Stevens Memorial Hall is a nearly unaltered, two and one-half story, wood-frame, Queen Anne Style civic building, with a modified rectangular plan, raised granite foundation, and a bracketed, slateclad hipped roof with dormers and chimneys, dedicated in 1910. Designed by George G. Adams, Architect, of Lawrence, MA this transitional, Colonial Revival-influenced property originally consisted of two, detached buildings and was situated amidst an enclave of the Town of Chester’s most important historic public buildings, private residences and sites, which spanned the 18th-20th centuries.
Stevens Memorial Hall, placed adjacent (south) of the site of the former Chester Academy, (one floor of which had served for decades as the hall for town meetings) , and as the last entrant to this ensemble of distinguished structures, exerts its architectural presence as the Town’s principal governmental/civic structure in a restrained, yet dignified manner.

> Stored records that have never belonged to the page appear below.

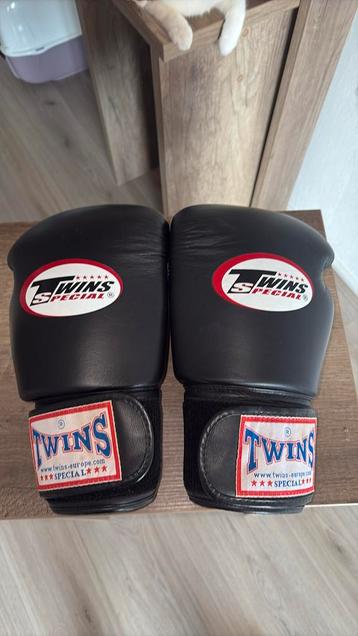 Twins bokshandschoenen 16 OZ beschikbaar voor biedingen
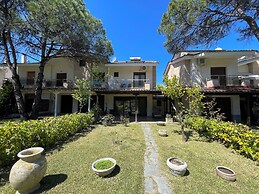 Stylish Maisonette With 3 Bedrooms in Vourvourou, Greece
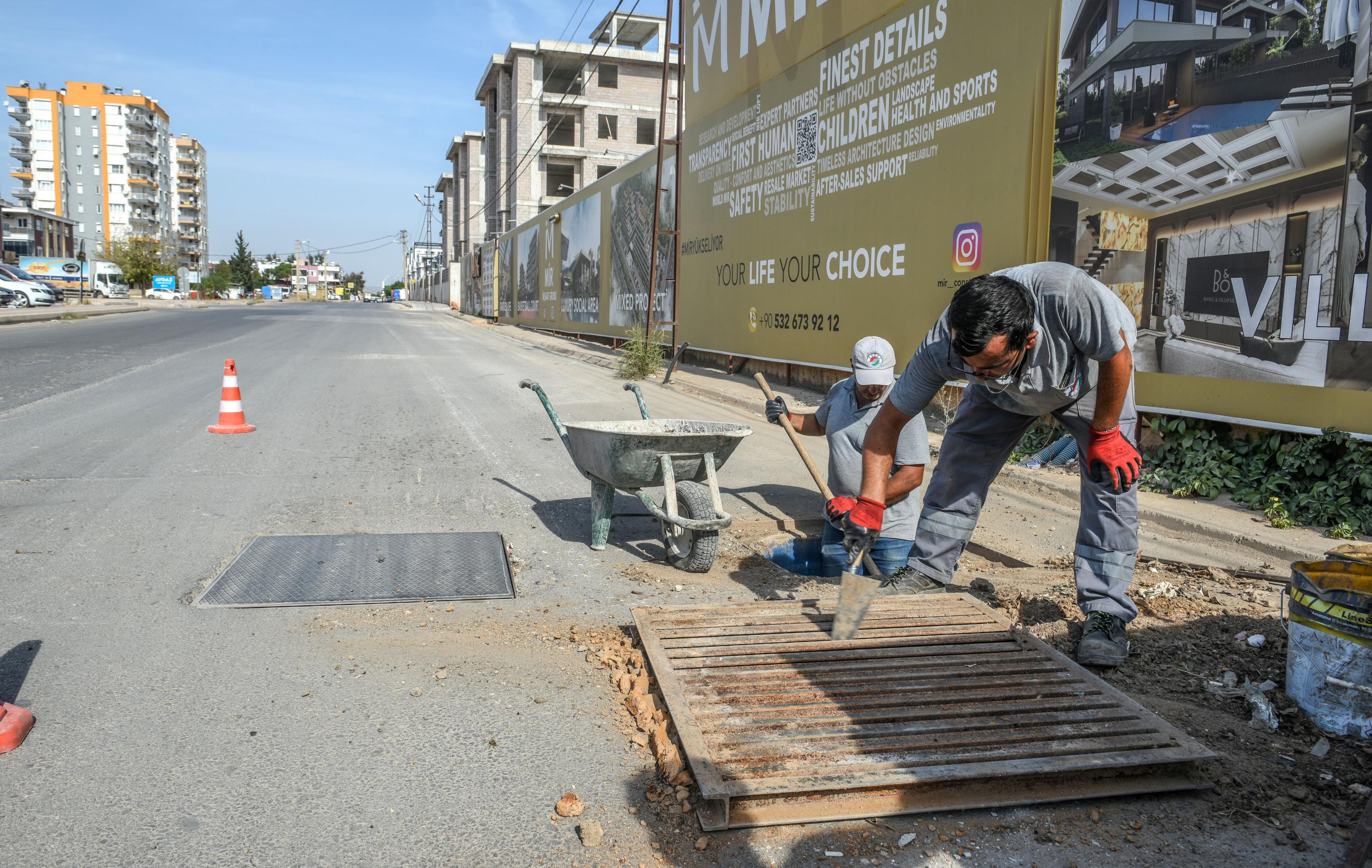 Kepez, Sel Baskinlarina Karsi Mazgallari Temizliyor 7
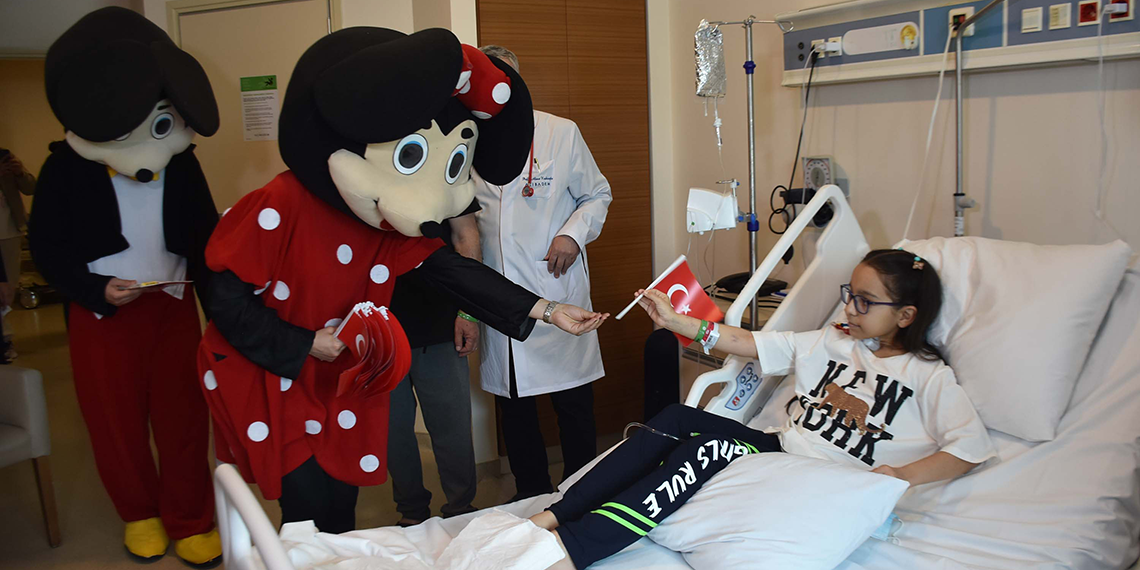 Böbrek hastası Ayşe, çapraz nakille sağlığına kavuştu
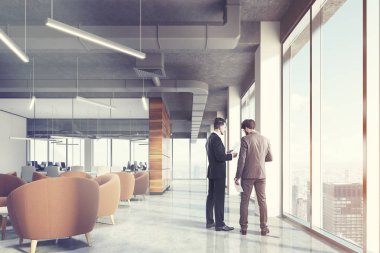 Bej koltuk alanı, loft, insanlar bekliyor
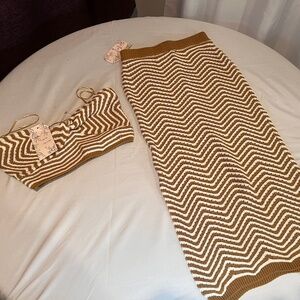 Willow & Wind Women's Crochet/Knit skirt and top, size XS BNWT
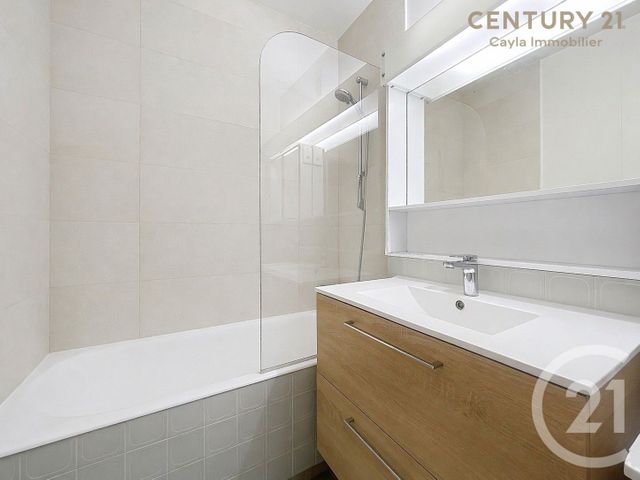 Appartement F2 &agrave; louer - 2 pi&egrave;ces - 45,30 m2 - Puteaux - 92 - ILE-DE-FRANCE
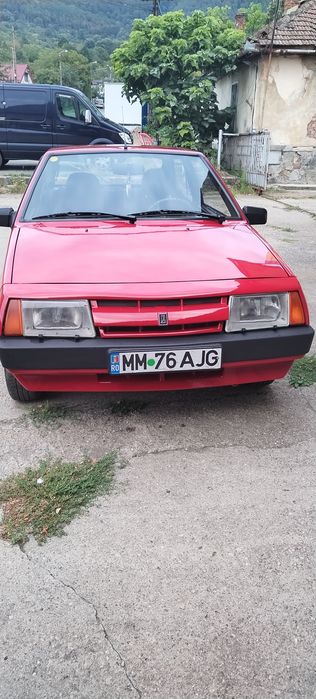 Vând Lada Samara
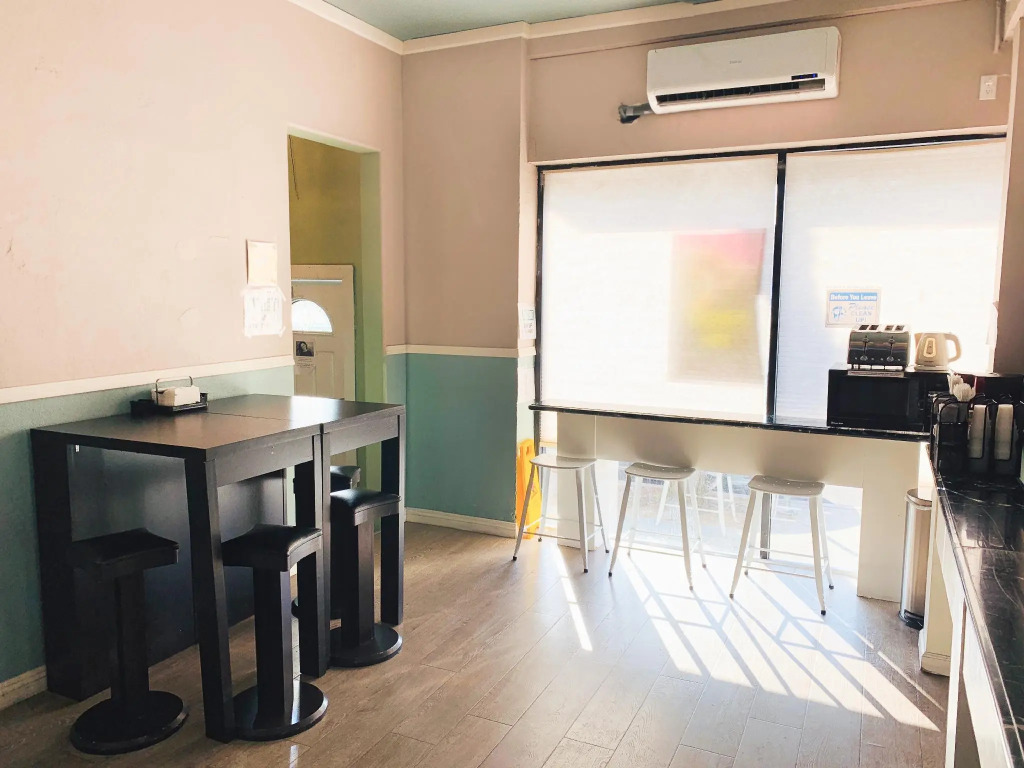 Melrose Hostel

Stevens Memorial Hall retains integrity of its original location at the crossroads known as Chester Center, the traditional civic, governmental, religious and commercial center of this early 18 th century community; through its intact exterior and interior design, which typifies the town hall and opera house building form popularized during the late 19th century; prominent public setting; use of original early 20th century materials; and expression of quality workmanship. The building continues to convey the feeling and association of neo-classical formality, as the community’s principal civic and governmental edifice.